American comic strip by Mort Walker and Jerry Dumas

Sam and Silo is an American comic strip created by Mort Walker (creator of Beetle Bailey and Hi and Lois) and Jerry Dumas, which began on April 18, 1977. The series is a "continuation" or a spin-off of Sam's Strip (1961-1963), as it uses the same characters. Dumas was solely responsible for the strip from 1995 and drew it until his death in 2016.

==Overview==
In 1961, Mort Walker and Jerry Dumas, who had worked together on Beetle Bailey and Hi and Lois, created Sam's Strip, in which the title character and his unnamed assistant were aware that they were in a comic strip. The series debuted as a daily-only on October 2 of that year and relied heavily on metahumor, appearances by classic comic strip characters, and breaking the fourth wall. It never reached more than sixty newspapers and was discontinued on June 1, 1963.

More than a decade later, Walker learned there was interest in reviving Sam's Strip, so he went to the president of King Features Syndicate, who suggested using the same characters with a different theme. The result was the more conventional gag-a-day strip Sam and Silo, and it premiered on April 18, 1977. The new strip followed the misadventures of a porkpie hat-wearing sheriff and his sole deputy in the small American community of Upper Duckwater, a place so safe that the pair can spend a lot of time napping in their squad car behind the billboard or enjoying hearty meals at the local diner, where Rosie (the "real mother" of the town) "dispenses one-liners and lots of affection along with breakfast, lunch, and dinner." Unfortunately, Sam and Silo must contend with the busybody Mayor McGuffey, who is often "seeing crime where there is none, or inventing bureaucratic red tape just for the fun of it."

The creators produced the strip together until 1995, when Walker stepped away, leaving the strip fully in Dumas' hands. There has been no Sunday installment since that time.

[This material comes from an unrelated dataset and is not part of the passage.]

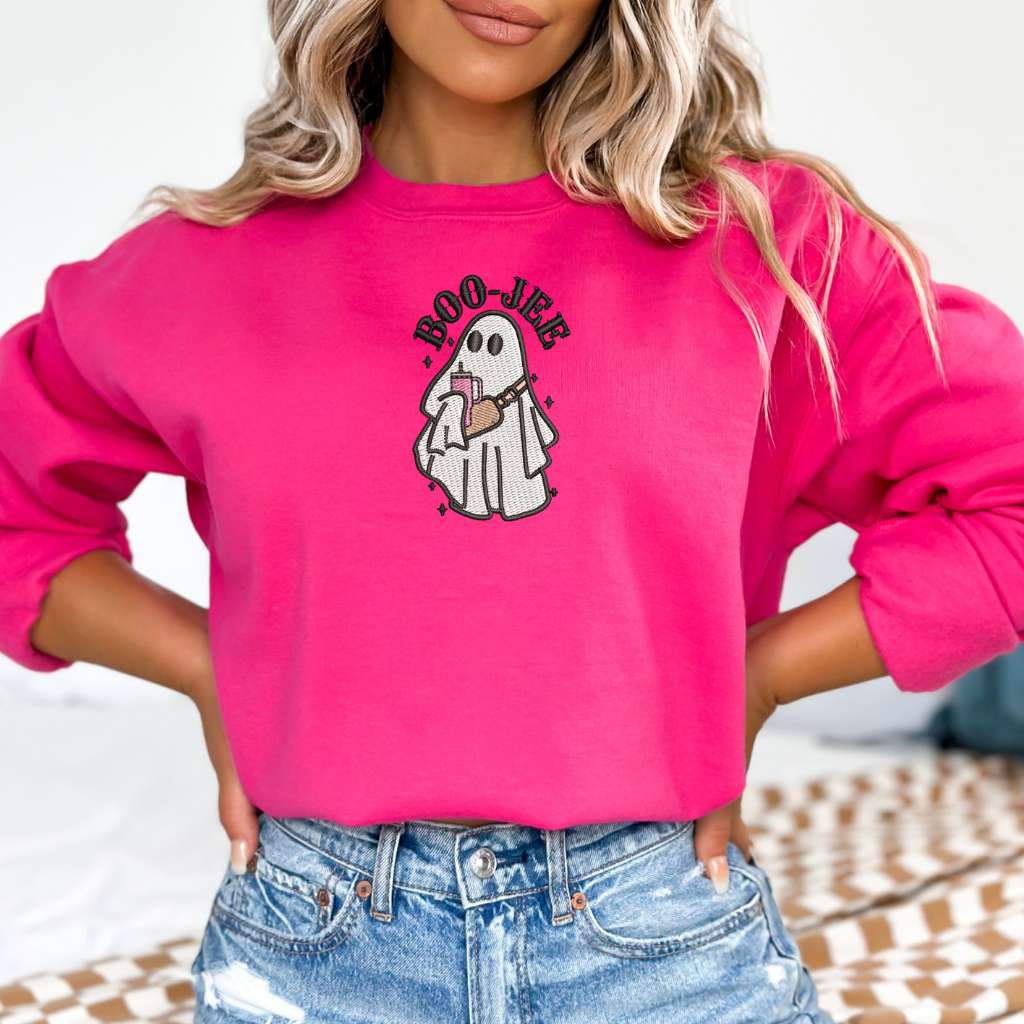 Hot Pink Sweatshirt embroidered with Boo-jee Ghost - DSY Lifestyle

"Sam & Silo is just an ordinary comic strip," states Don Markstein's Toonopedia. "A little old-fashioned, perhaps; but...it's pretty typical of what you see all over the comics page." King Features themselves don't claim any more than that in their online introduction to the strip: "Sam and Silo...don’t attempt to solve the secrets of the universe. They don’t have profound ideas about politics or the economy or the communications revolution." As Toonopedia admits, while the strip has "none of the self-parodying zaniness that made Sam's Strip one of comics' little-known classics," it does have a loyal following that depends on it "to provide chuckles Monday through Saturday."

==Characters==
- Sam, the inept sheriff of the leafy hamlet of Upper Duckwater.
- Silo, Sam’s right-hand man in law enforcement.
- Mayor McGuffey, a self-important little town politician.
- Rosie, the counterwoman at the local diner.
- Funny Floyd, a wild man who walks around barefoot, sometimes spouting incoherent poetry.
- Sister Agnes, an eccentric nun.
- Granny Naps, Sam’s cynical and no-nonsense landlady.
- Algy, the courthouse janitor who usually blows up things that he tries to fix.
- Mr. Teetering, a retired guy who supposedly can dispense wisdom.
- Buford, the Duckwater jail’s ever-escaping lone resident.
- Jasper, the court house cat.

==Books==
Tempo Books released a paperback collection of Sam and Silo in 1979.